_Task directions_: Of the material below, the lines to be retyped are those from the line containing "NazmaYulie's tweet photo." through the line containing "Pluripregiudicato massese di", inclusive; reproduce them exactly.

_Provided material_:
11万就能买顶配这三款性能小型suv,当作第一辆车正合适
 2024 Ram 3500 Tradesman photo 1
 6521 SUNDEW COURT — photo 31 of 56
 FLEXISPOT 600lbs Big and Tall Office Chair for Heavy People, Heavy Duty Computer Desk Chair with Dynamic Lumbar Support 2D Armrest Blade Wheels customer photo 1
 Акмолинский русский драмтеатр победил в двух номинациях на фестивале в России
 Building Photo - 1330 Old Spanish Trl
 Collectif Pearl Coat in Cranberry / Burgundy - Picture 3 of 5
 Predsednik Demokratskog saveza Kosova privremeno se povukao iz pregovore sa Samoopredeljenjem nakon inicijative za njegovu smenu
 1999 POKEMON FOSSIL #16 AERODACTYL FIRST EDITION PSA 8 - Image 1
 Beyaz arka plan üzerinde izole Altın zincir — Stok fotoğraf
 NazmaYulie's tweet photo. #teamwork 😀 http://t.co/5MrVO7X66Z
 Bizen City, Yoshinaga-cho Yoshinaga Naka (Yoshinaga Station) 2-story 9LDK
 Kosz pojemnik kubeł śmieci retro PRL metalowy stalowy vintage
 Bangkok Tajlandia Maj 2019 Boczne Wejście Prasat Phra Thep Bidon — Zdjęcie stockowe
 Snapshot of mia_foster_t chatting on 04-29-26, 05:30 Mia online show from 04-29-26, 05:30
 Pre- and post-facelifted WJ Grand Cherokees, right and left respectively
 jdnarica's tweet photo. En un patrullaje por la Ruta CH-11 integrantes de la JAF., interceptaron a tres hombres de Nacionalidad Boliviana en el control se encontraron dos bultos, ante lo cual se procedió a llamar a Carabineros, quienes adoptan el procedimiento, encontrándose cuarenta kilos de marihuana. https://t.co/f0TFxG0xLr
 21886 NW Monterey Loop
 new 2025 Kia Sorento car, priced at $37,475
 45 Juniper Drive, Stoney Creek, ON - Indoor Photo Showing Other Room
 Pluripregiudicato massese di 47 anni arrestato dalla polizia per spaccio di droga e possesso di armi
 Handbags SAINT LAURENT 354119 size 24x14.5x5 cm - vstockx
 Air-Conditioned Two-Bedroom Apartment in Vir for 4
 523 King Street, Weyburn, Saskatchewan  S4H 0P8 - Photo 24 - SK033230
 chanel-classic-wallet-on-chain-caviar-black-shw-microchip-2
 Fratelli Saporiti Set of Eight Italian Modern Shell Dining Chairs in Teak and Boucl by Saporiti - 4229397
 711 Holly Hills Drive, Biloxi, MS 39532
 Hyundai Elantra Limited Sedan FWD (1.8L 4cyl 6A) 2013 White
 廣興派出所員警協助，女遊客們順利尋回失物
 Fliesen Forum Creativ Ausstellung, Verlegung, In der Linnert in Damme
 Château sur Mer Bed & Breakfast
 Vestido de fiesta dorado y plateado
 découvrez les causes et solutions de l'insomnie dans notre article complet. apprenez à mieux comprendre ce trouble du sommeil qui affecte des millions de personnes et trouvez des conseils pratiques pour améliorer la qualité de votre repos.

_Exercise response_:
 NazmaYulie's tweet photo. #teamwork 😀 http://t.co/5MrVO7X66Z
 Bizen City, Yoshinaga-cho Yoshinaga Naka (Yoshinaga Station) 2-story 9LDK
 Kosz pojemnik kubeł śmieci retro PRL metalowy stalowy vintage
 Bangkok Tajlandia Maj 2019 Boczne Wejście Prasat Phra Thep Bidon — Zdjęcie stockowe
 Snapshot of mia_foster_t chatting on 04-29-26, 05:30 Mia online show from 04-29-26, 05:30
 Pre- and post-facelifted WJ Grand Cherokees, right and left respectively
 jdnarica's tweet photo. En un patrullaje por la Ruta CH-11 integrantes de la JAF., interceptaron a tres hombres de Nacionalidad Boliviana en el control se encontraron dos bultos, ante lo cual se procedió a llamar a Carabineros, quienes adoptan el procedimiento, encontrándose cuarenta kilos de marihuana. https://t.co/f0TFxG0xLr
 21886 NW Monterey Loop
 new 2025 Kia Sorento car, priced at $37,475
 45 Juniper Drive, Stoney Creek, ON - Indoor Photo Showing Other Room
 Pluripregiudicato massese di 47 anni arrestato dalla polizia per spaccio di droga e possesso di armi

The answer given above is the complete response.